Blog changes

Thanks to everyone who followed Training Because I Can! over the last nine years. This blog started with Addison's Disease, hypothyroidism and a crazy idea of doing an Ironman distance triathlon. My life has changed and so has this blog. I am using this blog strictly for Addison's Support topics from here on out. I hope to continue providing people with hints for living life well with adrenal insufficiency.

Tuesday, August 9, 2011

RANT: Emergencies, be prepared. It's YOUR responsibility.

"I've never had a crisis!  I don't need to be prepared for a crisis."

NOT!  Just cause you haven't been hit by a bus yet doesn't mean you won't.  Being hit by a bus is a crisis, so is vomiting.

If you have Addison's, you DO need to be prepared for a crisis as does anyone around you.  You CAN die from an untreated crisis.

"But my doctor said I didn't need an injection kit!"

Your doctor is uninformed and doesn't understand Adrenal Insufficiency.  Ambulances DO NOT CARRY SOLU-CORTEF and EMTs (Paramedics are) are NOT PERMITTED TO INJECT SOLU-CORTEF, even if you have your needle, alcohol pads and Actovial on your lifeless chest.  Check with your local EMTs if you don't believe me.

"When I get to the ER, they will know what to do."

Hello!  SO NOT true.  If you've ever been to the ER and they've injected you with Medrol or Dexamethasone, they don't know what they are doing.  Neither Dex nor Medrol are the best choice for an emergency because they take a long time to kick in and have little or no mineralocorticoid properties.
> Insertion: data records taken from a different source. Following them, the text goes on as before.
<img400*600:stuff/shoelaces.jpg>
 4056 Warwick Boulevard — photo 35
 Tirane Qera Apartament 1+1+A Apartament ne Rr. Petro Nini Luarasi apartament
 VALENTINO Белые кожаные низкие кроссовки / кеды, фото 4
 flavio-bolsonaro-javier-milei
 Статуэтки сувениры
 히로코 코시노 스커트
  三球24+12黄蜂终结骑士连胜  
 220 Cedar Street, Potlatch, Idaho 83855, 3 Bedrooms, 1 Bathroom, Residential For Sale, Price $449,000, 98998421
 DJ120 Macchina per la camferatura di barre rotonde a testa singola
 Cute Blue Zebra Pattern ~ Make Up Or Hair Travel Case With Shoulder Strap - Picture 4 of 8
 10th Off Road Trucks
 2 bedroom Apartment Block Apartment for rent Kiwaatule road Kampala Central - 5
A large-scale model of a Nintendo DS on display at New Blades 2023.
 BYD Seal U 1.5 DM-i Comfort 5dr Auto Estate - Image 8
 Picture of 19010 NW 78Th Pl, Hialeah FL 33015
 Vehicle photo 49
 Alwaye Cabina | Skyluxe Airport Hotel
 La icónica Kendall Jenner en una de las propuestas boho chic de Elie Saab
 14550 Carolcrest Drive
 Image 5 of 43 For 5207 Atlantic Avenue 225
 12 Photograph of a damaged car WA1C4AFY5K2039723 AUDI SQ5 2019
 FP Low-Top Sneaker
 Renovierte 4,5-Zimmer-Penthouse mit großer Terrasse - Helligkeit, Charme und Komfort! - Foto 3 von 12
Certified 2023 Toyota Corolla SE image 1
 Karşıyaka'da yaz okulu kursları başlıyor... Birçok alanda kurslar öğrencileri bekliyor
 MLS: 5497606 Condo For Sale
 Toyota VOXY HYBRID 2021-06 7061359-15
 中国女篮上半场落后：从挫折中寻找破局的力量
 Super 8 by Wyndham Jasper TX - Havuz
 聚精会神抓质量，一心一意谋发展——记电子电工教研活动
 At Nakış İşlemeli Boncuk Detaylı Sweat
Besides, how long does it take to get checked into the ER and treated, even in the event of an emergency.  It could be too long and you could die.  Really.  During a crisis, death is a possibly.


You start well before a crisis ever happens.

You educate yourself by reading the Addison's Owner's Manual.

Order a bracelet.

You make an appointment with your doctor and request the following:

  • Extra HC in your prescription for stress dosing and to keep stashes in your purse or wallet or whatever.
  • Zofran or the generic 8 mg for nausea.
  • 100 mg Solu-Cortef Actovial  DO not accept anything different.
  • Needle prescription (some states)
Here's some info on what to put in an Emergency Injection kit.  Compile one.  Now.  Know how and when you need to give yourself a shot.  Excellent explanation of how to give a shot from NZ Addison's.  Print this form out and put in your Emergency Injection Kit.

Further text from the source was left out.